CDA has also implemented a Rationalized Training Delivery Program, which is supported by the CAF College Opportunities Directory and which allows civilian colleges to match their programs against military training plans. This program has already shown success in a number of technical trades across the CAF. The cornerstone of the CAF campus Enterprise Engine is the Defence Learning Network, which has already enabled large resource savings with support for non-residential and blended learning. Furthermore, CDA is also attempting to implement Resource Control Measures with the Resource Management System trial in Borden. The intent is to use this System in support of a common user facility. If proven successful, the Resource Management System offers CAF-wide more efficient use of resources and infrastructure.

CDA remains committed to reinvigorating the Quality Control processes and policies to ensure that clear roles and responsibilities are established and understood; in particular, the correlation between the production of people through the IT&E system and its impact to business planning. The initial IT&E demand requirements sent to CDA from the Requirements Authorities a year in advance of the course dates, will be better “scrubbed” by staff in the future to allow for more realistic initial demand numbers (e.g., “same as last year” is not an acceptable return). Finally, nominations within MITE are based on current business processes, which should be updated to ensure that actual nominations better reflect the forecasted requirements that CDA has already been given for a particular fiscal year.
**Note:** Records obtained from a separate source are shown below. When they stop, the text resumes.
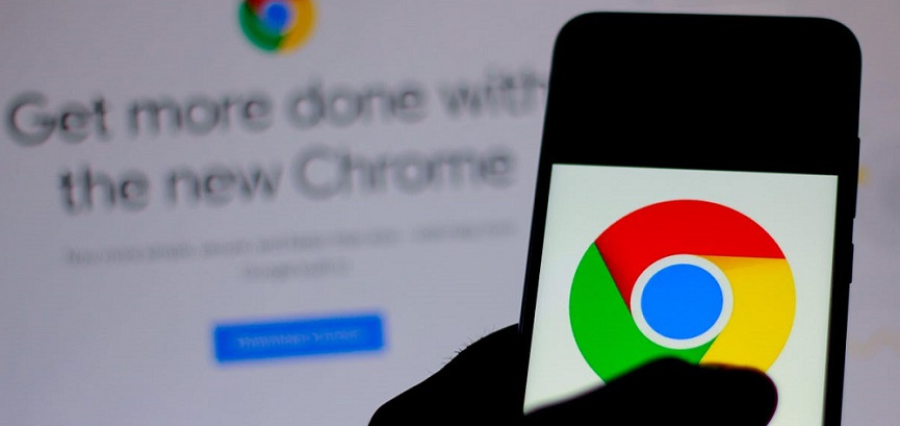 Google Chrome Now Automatically Updates Compromised Passwords to Boost Security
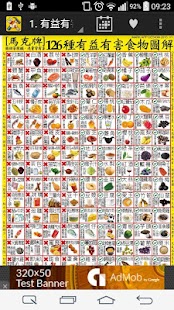 食物中毒圖解50+ Screenshots 2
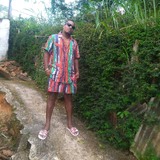 Roberto12 from Mendes | Man | 34 years old | Scorpio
This will help alleviate the course loading issues that have been identified.

OPI: CDA

Target Date: January 2016

CRS Recommendation

3.         The CDA must give priority to returning to a full-validation cycle of all its courses. The CDA should also ensure that the TEs conduct course evaluations to examine the course materials and technology utilized in order to identify improvement opportunities.

Management Action

The action plan to remedy the deficiency of validation within MILPERSGEN will conclude during 2016. The plan includes: delegation, increased staffing, automation, improved doctrine and the development of validation policies. MILPERSGEN will delegate validation activities to MILPERSGEN Training Group. There will be an increased staffing of two FTEs (one for MILPERSGEN Training Group (EDS56 02) and one for MILPERSGEN HQ (EDS 03). The current Integrated Systems Approach to Training capability, which is growing within the CAF, will have a proposed automated validation tool along with other helpful survey tools. To bridge the capability gap of current Integrated Systems Approach to Training resources and its future validation and survey capabilities, MILPERSGEN will look at either an alternative to current tools (eListen) or, in conjunction with the Royal Canadian Navy, use the SNAP survey software. Furthermore, improved doctrine, reflecting clearer frequencies for validation, and a method for prioritizing qualifications and streamlined methodologies, will allow for validation resources to be focussed more efficiently. Lastly MILPERSGEN will develop policies and mechanisms for tracking and reporting in order to allow for validation to be integrated into performance measurement. It should be noted that the number of qualifications requiring a validation has been reduced by approximately one-half due to an active investigation scrutinizing and prioritising qualifications assigned to MILPERSGEN as a training authority.

OPI: CDA

Target Date: October 2016

CRS Recommendation

4.         Priority should be given to developing, in cooperation with ADM(IE), ADM(IM) and the Environments, a sound, scalable business case for the CAF Campus to confirm that the CAF Campus will provide the most appropriate solutions.

Management Action

IT&E Modernization (CAF Campus) is a critical part of the CDA Campaign Plan and currently funded for FY 2014/15 using the Commander’s over-planning. CAF Campus is a recognized Defence Renewal Team initiative that is scheduled to be presented to the Defence Capabilities Board this spring/summer. The intent is for the CAF Campus to be a Defence Renewal Team-funded project by 2016.

OPI: CDA

Target Date: March 2016

CRS Recommendation

5.         In an effort to ensure that the numerous key IT&E and PD documents are produced, reviewed, updated or cancelled in a reasonable time frame, clear priorities and specific timelines should be established and monitored.

Management Action

MILPERSGEN has made and will continue to make a concerted effort to ensure that the numerous key IT&E and PD documents are produced, reviewed, and updated in a reasonable timeframe. As indicated in the CRS report, the CDA has developed a four-echelon policy Campaign Plan to ensure that key policy documents are updated and aligned with modernization initiatives; echelon one is currently well underway. In order to ensure that the other policy initiatives are addressed in a timely manner, the current lack of resources is being addressed through the staffing of three policy personnel, as well as the interim hiring of a contractor. This infusion of additional resources will permit MILPERSGEN to advance policy work on echelons two and three simultaneously, alongside echelon one priorities. The policy team has commenced, in December 2014, briefing Commander CDA on the policy progress, including about timelines and priorities, on a quarterly basis. This interaction permits complete oversight of policy progress and ensures that, when necessary, policy progress can be reorganized due to emerging priorities.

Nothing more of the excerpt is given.